To work in the area of youth ministry today you have to be inherently an optimistic person. It’s not just recommended, it’s a necessity. The prevailing narrative we hear from our media is often one of doom, with a bit of gloom thrown in for good measure. One could easily be forgiven for becoming a little weary and resigned. However, we are an Easter people and hope lies at the heart of the faith we profess.
In February, I was blessed to lead a day of reflection in a local school in Cork. They were an amazing group of sixth year students with vibrant curiosity and open minds. After spending half an hour fielding questions that were close to their hearts, I had the opportunity to ask a couple of my own. It was simply, did they know what the largest gathering of young people in the world was and where did the last one take place? Glastonbury, Electric Picnic, and Coachella were some of the answers suggested. They weren’t even close. At their best these festivals had 175,000 people, against the 750,000 young people who attended World Youth Day in Panama in January last year.
I was fortunate to be there with a group of twenty young people for the week. It was an extraordinary experience to have so many people from all around the world gather together to celebrate their faith. On the evening before the final Mass it’s traditional to camp outside, to be ready to celebrate the Eucharist with the Pope the following morning. That night we were surrounded by pilgrims from France, Guatemala, the USA, Cambodia, and South Africa. There was very little sleep, but plenty of football. It is after all the international language!
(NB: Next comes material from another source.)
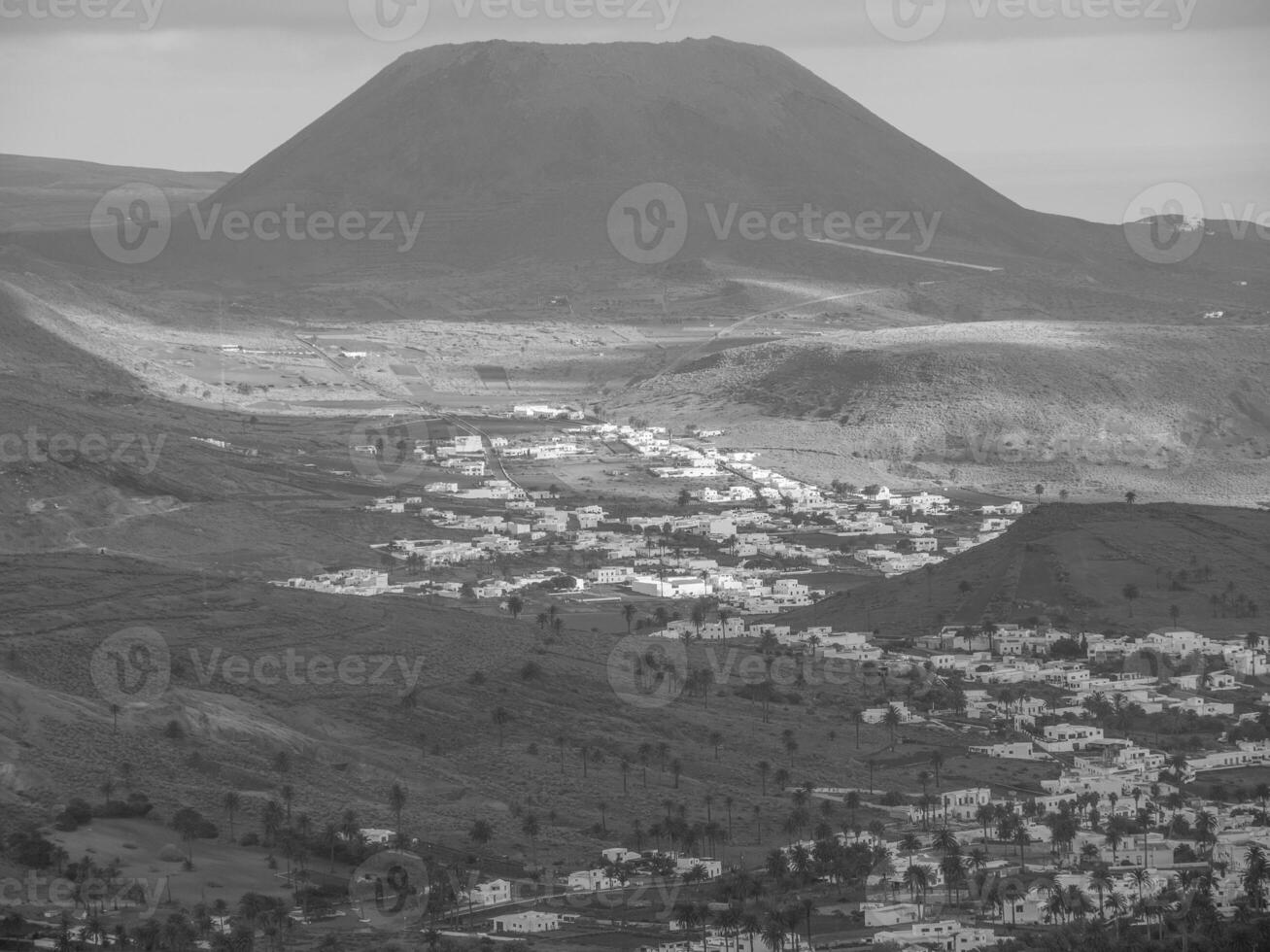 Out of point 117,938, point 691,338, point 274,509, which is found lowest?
point 117,938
The following day, Pope Francis reminded the youth that that they were not the future of our Church, but were in fact ‘the now of God’. Drawing on Acts 26:16, the Pope told them to “Arise, for I appoint you as a witness of what you have seen”.
With this mission in mind Catholic Youth Ministry Ireland, of which the Missionaries of the Sacred Heart and the Dominicans are a part of, planned an event for young people over the age of 18 in Knock. It was to be a day where we answered the call of Pope Francis to Arise, to remind ourselves of our identity as children of God and as witness to the faith. And so it was at 6:00am on the dot, on a dry morning, almost thirty of us left Cork to join young adults from dioceses, movements, and religious congregations from all around Ireland.
The day had two keynote speakers, including Sr. Susan Jones CHF, chaplain to one of the country’s largest homeless charities. She spoke to the group about what compassion in action looks like. Fr. Brendan Kilcoyne, from the Archdiocese of Tuam, talked about the legacy of our Church in Ireland. In addition to the talks we also had lively music ministry, some drama, and a range of workshops that included drumming, prayer, overseas development, music, and faith development. When our bus pulled back into Cork at almost 9:00pm that evening everyone was both exhausted and energised.
WYD Lisbon 2022
As we look to the future, it’s abundantly clear that in Ireland we have our work cut out for us, but we have amazing people who have answered the call to give an account of the hope that is within them and to do it with gentleness and humility. From my experience in our schools, there is an innate curiosity and openness in our young people that needs to be encouraged and fostered. We need to see faith formation as something more than the responsibility of our teachers. As Pope Francis reminds us, we need witnesses filled with the joy of the Gospel who are unafraid to share their faith by what they say, but more importantly what they do. Looking to the next World Youth Day in Lisbon in 2022 we are going to have an even larger group from Ireland. It’s time for us to Arise.